I successivi caccia F15 ed F16 infatti sarebbero stati progettati con filosofie molto diverse!
Conclusioni e considerazioni.
Al termine del lavoro ammetto che questo Phantom ESCI me lo guardo e riguardo con soddisfazione.
In questa scala, pesantemente caricato, è un modello poderoso ed accattivante anche se necessita di molto lavoro.
Riuscire a portare a compimento tale kit, che avevo già affrontato da "teen ager" nelle versioni C e J, mi ha permesso però di poter applicare su di esso l’esperienza accumulata negli anni regalandomi, oltre ai ricordi (e rimpianti?), la possibilità di poter agire diversamente in situazioni modellistiche già vissute.

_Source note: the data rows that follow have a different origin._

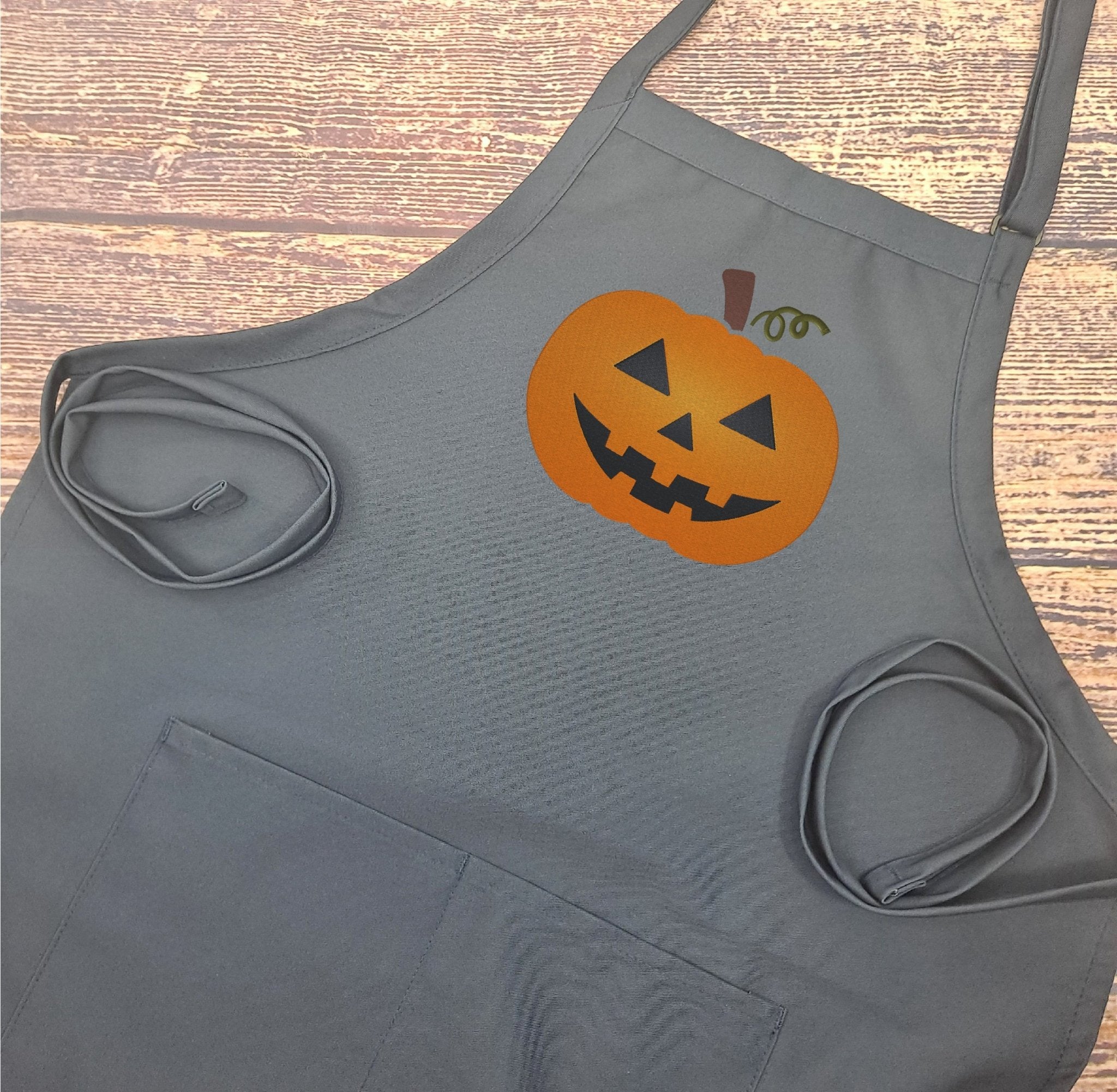 {{product_title}} – {{color}} embroidered kitchen apron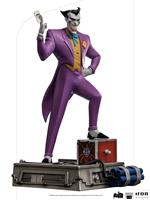 Batman The Animated Series Art Scale Statue 1/10 Joker 21 cm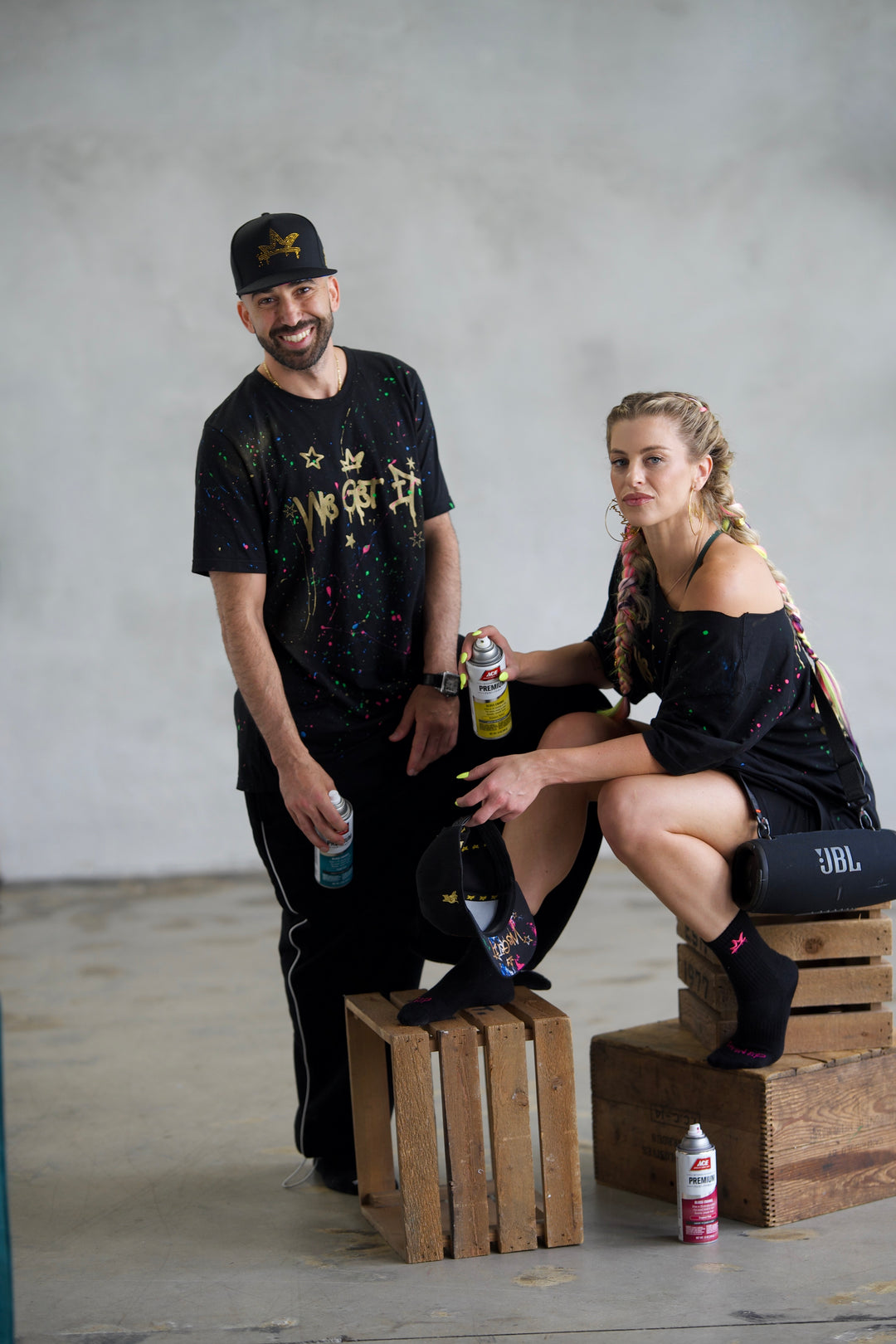 We Get It Handmade Tee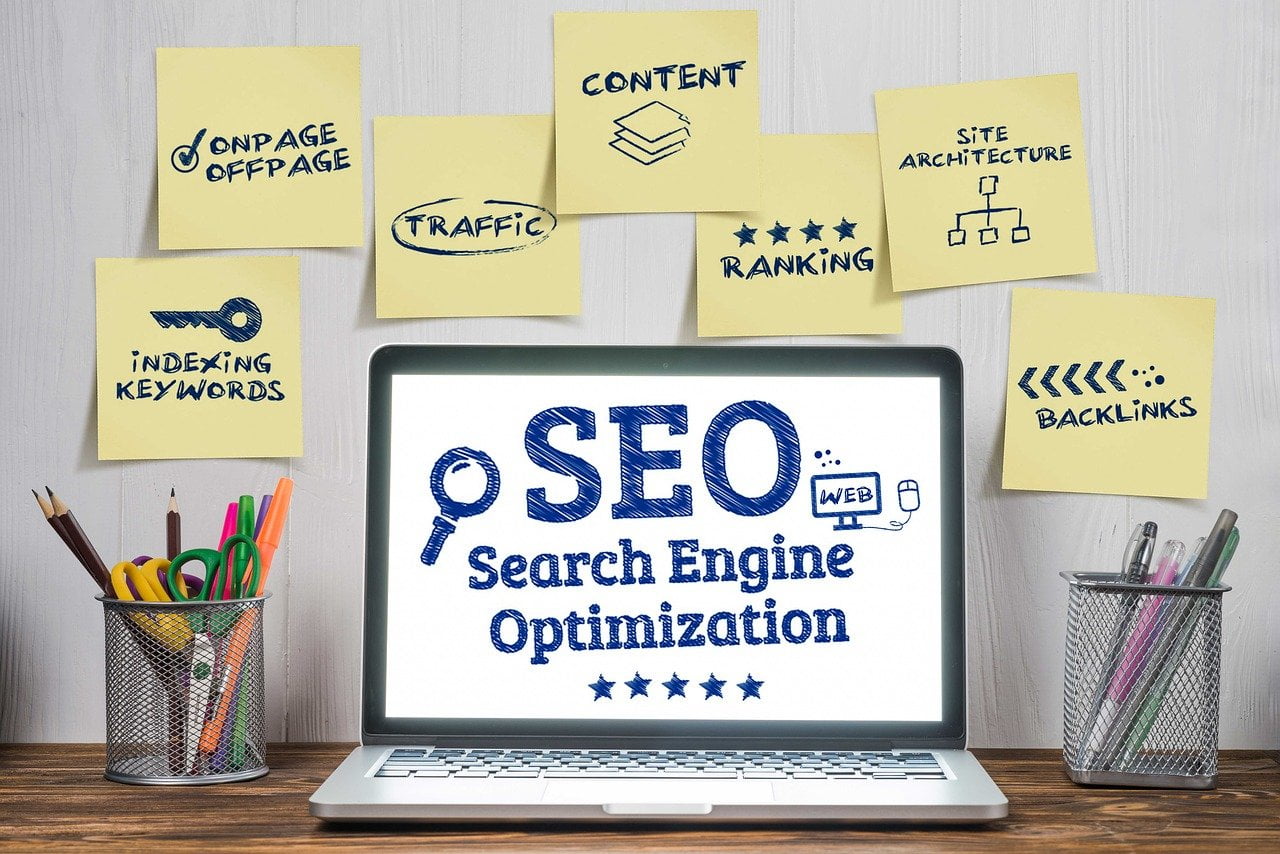 marketing numerique seo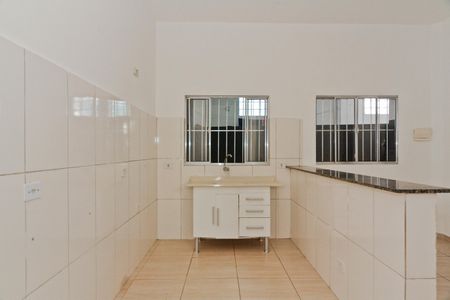 Casa para alugar com 45m², 2 quartos e sem vaga Casa para alugar com 45m², 2 quartos e sem vagaCozinha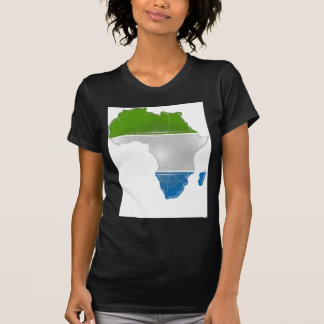 T-shirt Sierra Leone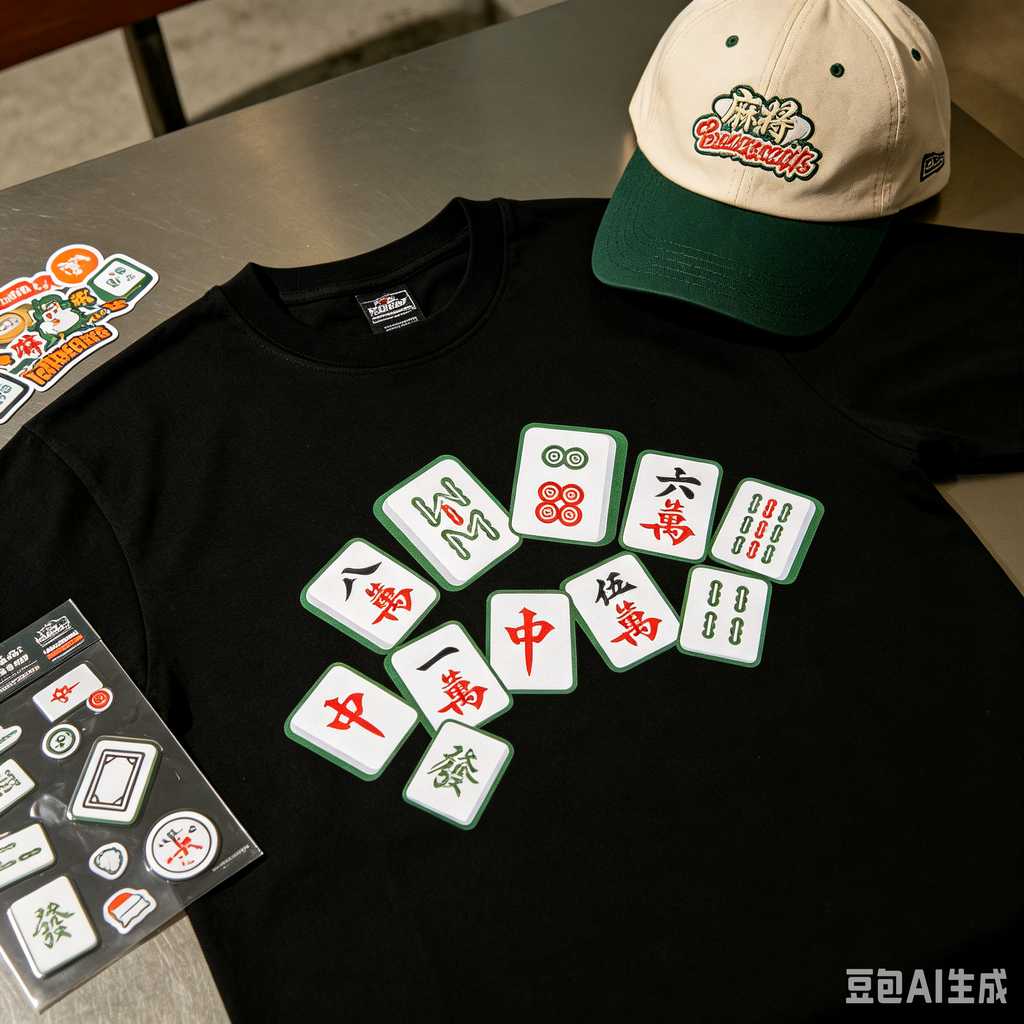 club entertainment mahjong set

Peccato ciò non possa accadere anche nella vita.
In conclusione amici spero che il risultato vi piaccia e, soprattutto, non mancate di farmi conoscere critiche, pensieri e consigli relative alle "filosofie" di verniciatura usate su questo modello e possibili miglioramenti!
Un doveroso ringraziamento va a tutti gli amici del forum "Modeling Time" per gli aiuti, i preziosi consigli e gli incoraggiamenti durante questa lunga maratona modellistica!